TRY IT:
In the records below, find the line that contains "大学生放假了，今天南京". Retype that line and all the lines after it through the end, leaving out the pictures.

☆ ☆ ☆

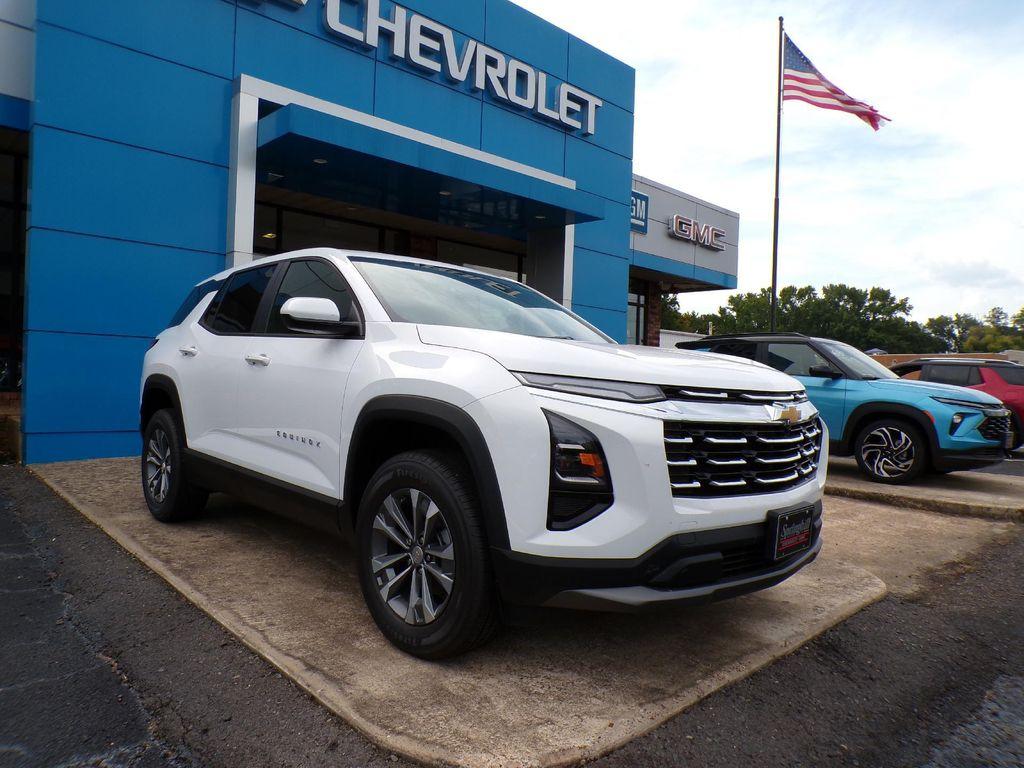 new 2026 Chevrolet Equinox car, priced at $30,290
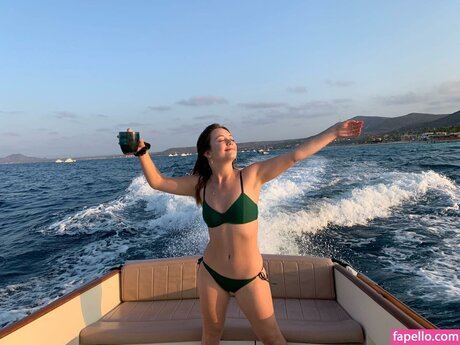 Billie Lourd hd model pictures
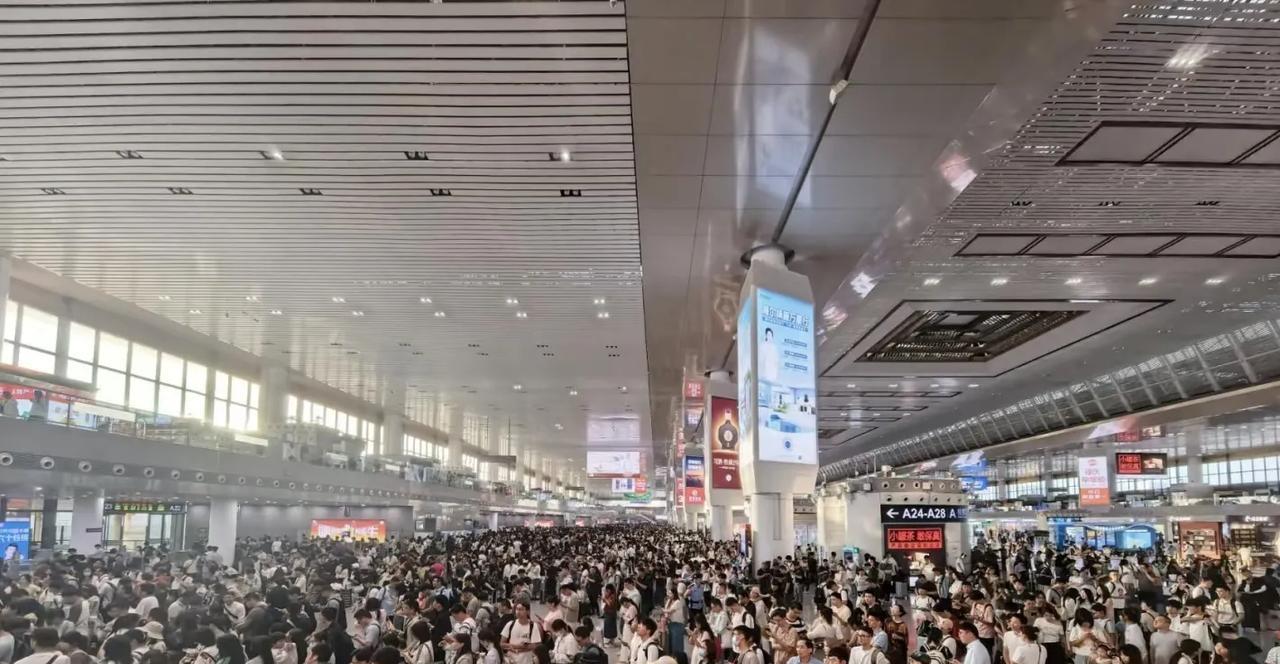 6月27日晚上七点多的南京南站暑运开始人挤人。
     大学生放假了，今天南京
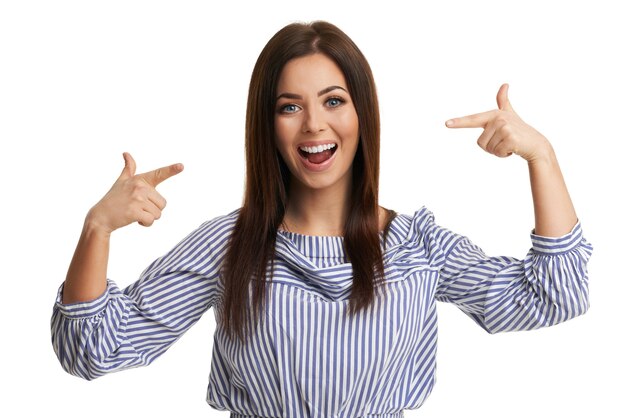 Mujer morena caucásica divirtiéndose y sonriendo aislado sobre fondo blanco.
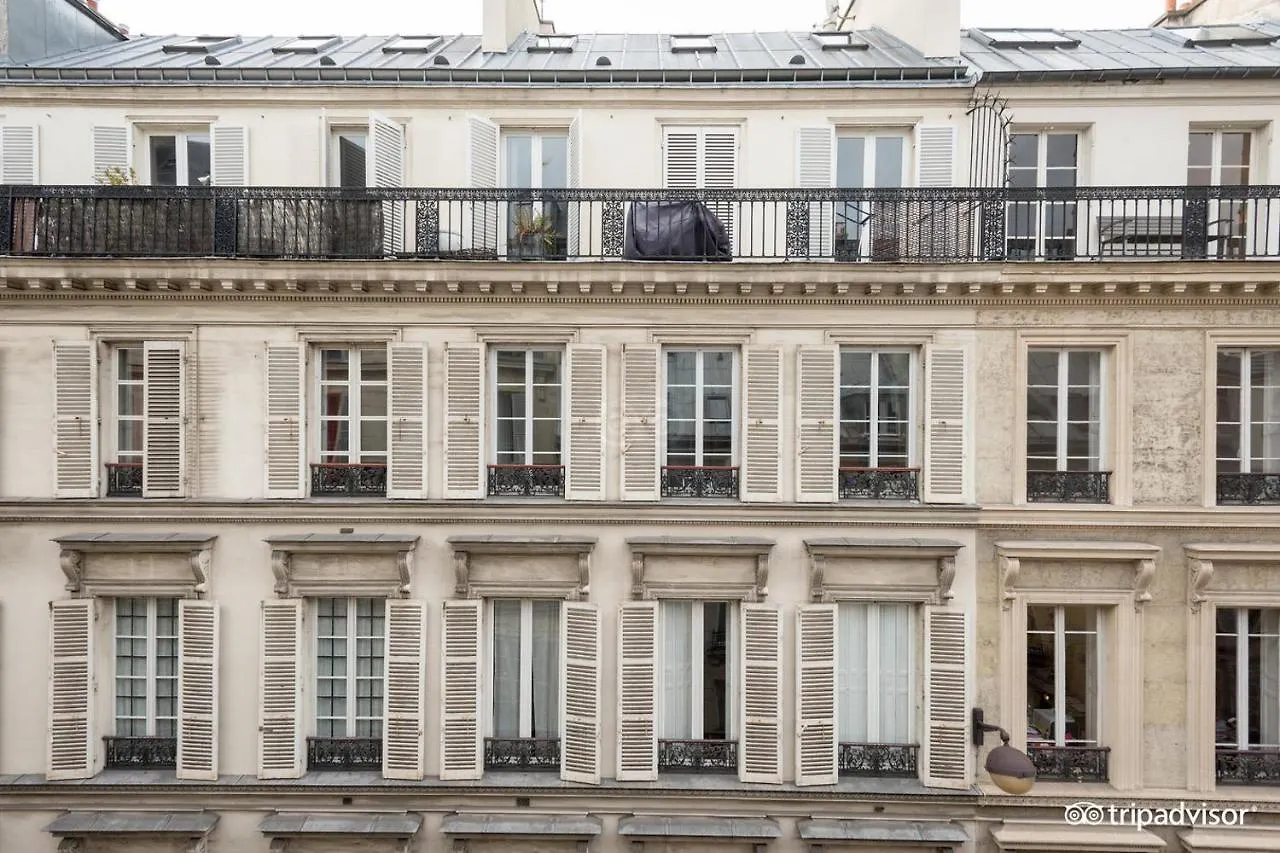 Otel La Sanguine 2*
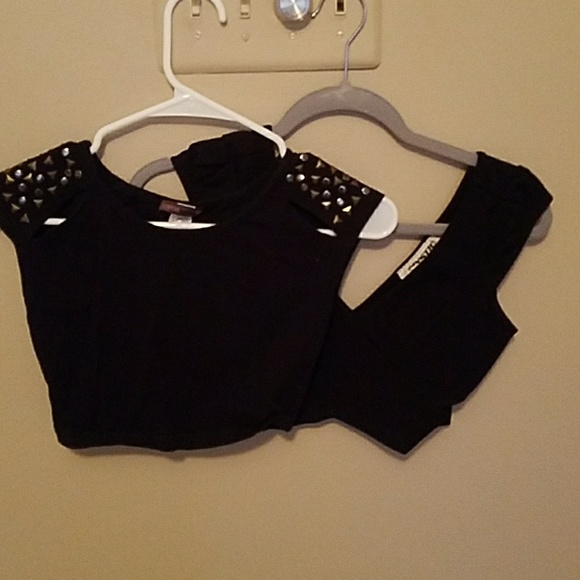 Black crop tops - Picture 3 of 4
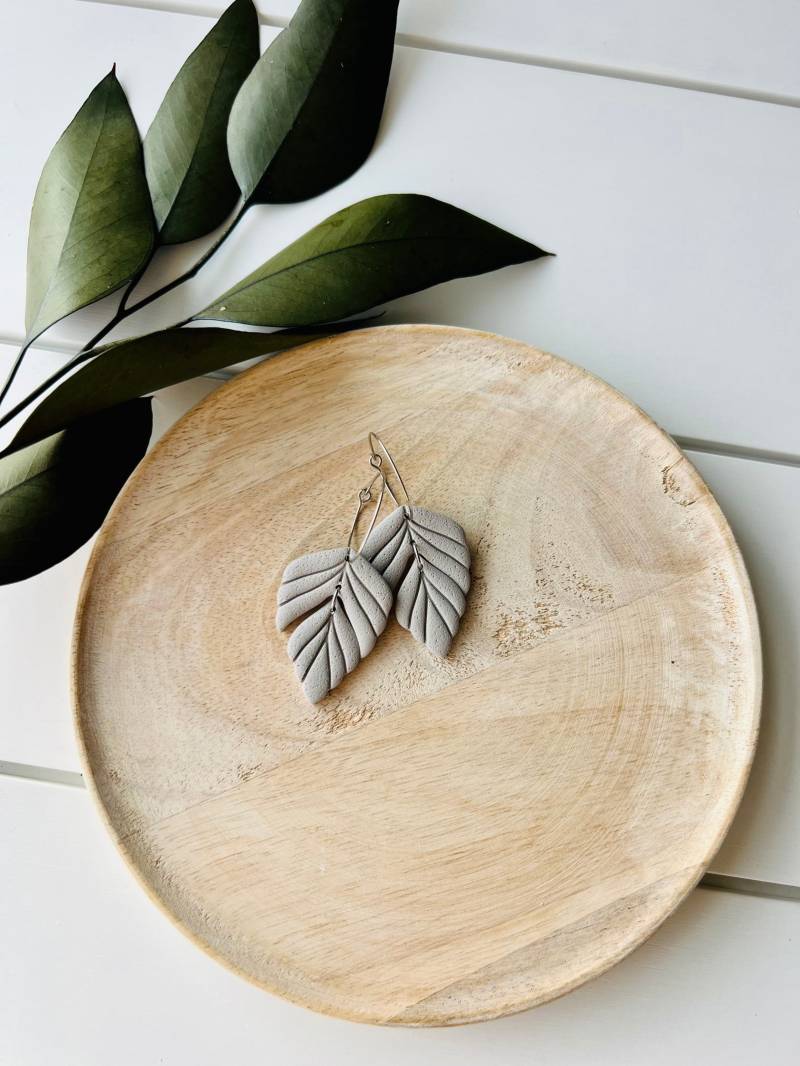 Herbst Blatt Ohrringe Aus Ton - Grau von theglassbird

☆ ☆ ☆

TASK RESPONSE:
     大学生放假了，今天南京
 Mujer morena caucásica divirtiéndose y sonriendo aislado sobre fondo blanco.
 Otel La Sanguine 2*
 Black crop tops - Picture 3 of 4
 Herbst Blatt Ohrringe Aus Ton - Grau von theglassbird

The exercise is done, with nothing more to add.